Bibi Nighat, Sikandar Misba, Ud Din Ikram, Almogren Ahmad, Ali Sikandar
Department of Information Technology, TheUniversity of Haripur, Haripur 22620, Pakistan.
Department of Computer Science, College of Computer and Information Sciences, King Saud University, Riyadh 11633, Saudi Arabia.
J Healthc Eng. 2020 Dec 3;2020:6648574. doi: 10.1155/2020/6648574. eCollection 2020.
For the last few years, computer-aided diagnosis (CAD) has been increasing rapidly. Numerous machine learning algorithms have been developed to identify different diseases, e.g., leukemia. Leukemia is a white blood cells- (WBC-) related illness affecting the bone marrow and/or blood. A quick, safe, and accurate early-stage diagnosis of leukemia plays a key role in curing and saving patients' lives. Based on developments, leukemia consists of two primary forms, i.e., acute and chronic leukemia. Each form can be subcategorized as myeloid and lymphoid. There are, therefore, four leukemia subtypes. Various approaches have been developed to identify leukemia with respect to its subtypes. However, in terms of effectiveness, learning process, and performance, these methods require improvements. This study provides an Internet of Medical Things- (IoMT-) based framework to enhance and provide a quick and safe identification of leukemia. In the proposed IoMT system, with the help of cloud computing, clinical gadgets are linked to network resources. The system allows real-time coordination for testing, diagnosis, and treatment of leukemia among patients and healthcare professionals, which may save both time and efforts of patients and clinicians. Moreover, the presented framework is also helpful for resolving the problems of patients with critical condition in pandemics such as COVID-19. The methods used for the identification of leukemia subtypes in the suggested framework are Dense Convolutional Neural Network (DenseNet-121) and Residual Convolutional Neural Network (ResNet-34). Two publicly available datasets for leukemia, i.e., ALL-IDB and ASH image bank, are used in this study.
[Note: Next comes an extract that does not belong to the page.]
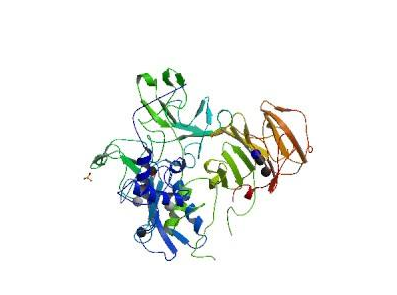 人基质金属蛋白酶7(MMP-7)ELISA KIT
The results demonstrated that the suggested models supersede the other well-known machine learning algorithms used for healthy-versus-leukemia-subtypes identification.
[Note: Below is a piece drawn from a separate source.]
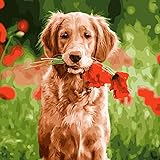 Paint by Numbers for Adults and Kids : DIY Painting Craft Kits, Frameless 16 x 20 Acrylic Paint Kit - 3 Brushes, Advanced Paint, Linen Canvas Set - Paintings by Number Golden Retriever Dog with Flower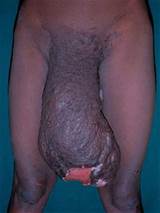 Thanks To Will C For Submitting This To Mr Phucked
在过去几年中,计算机辅助诊断(CAD)发展迅速。人们开发了众多机器学习算法来识别不同疾病,例如白血病。白血病是一种与白细胞(WBC)相关的疾病,会影响骨髓和/或血液。白血病的快速、安全且准确的早期诊断对治愈和挽救患者生命起着关键作用。基于发展情况,白血病主要有两种形式,即急性白血病和慢性白血病。每种形式又可细分为髓系和淋系。因此,共有四种白血病亚型。人们已开发出各种方法来识别白血病亚型。然而,在有效性、学习过程和性能方面,这些方法仍需改进。本研究提供了一个基于医疗物联网(IoMT)的框架,以加强并实现对白血病的快速安全识别。在所提出的IoMT系统中,借助云计算,临床设备与网络资源相连。该系统允许患者和医护人员之间就白血病的检测、诊断和治疗进行实时协调,这可以节省患者和临床医生的时间和精力。此外,所提出的框架对于解决COVID - 19等大流行期间重症患者的问题也很有帮助。在所建议的框架中用于识别白血病亚型的方法是密集卷积神经网络(DenseNet - 121)和残差卷积神经网络(ResNet - 34)。本研究使用了两个公开可用的白血病数据集,即ALL - IDB和ASH图像库。结果表明,所建议的模型优于其他用于健康与白血病亚型识别的知名机器学习算法。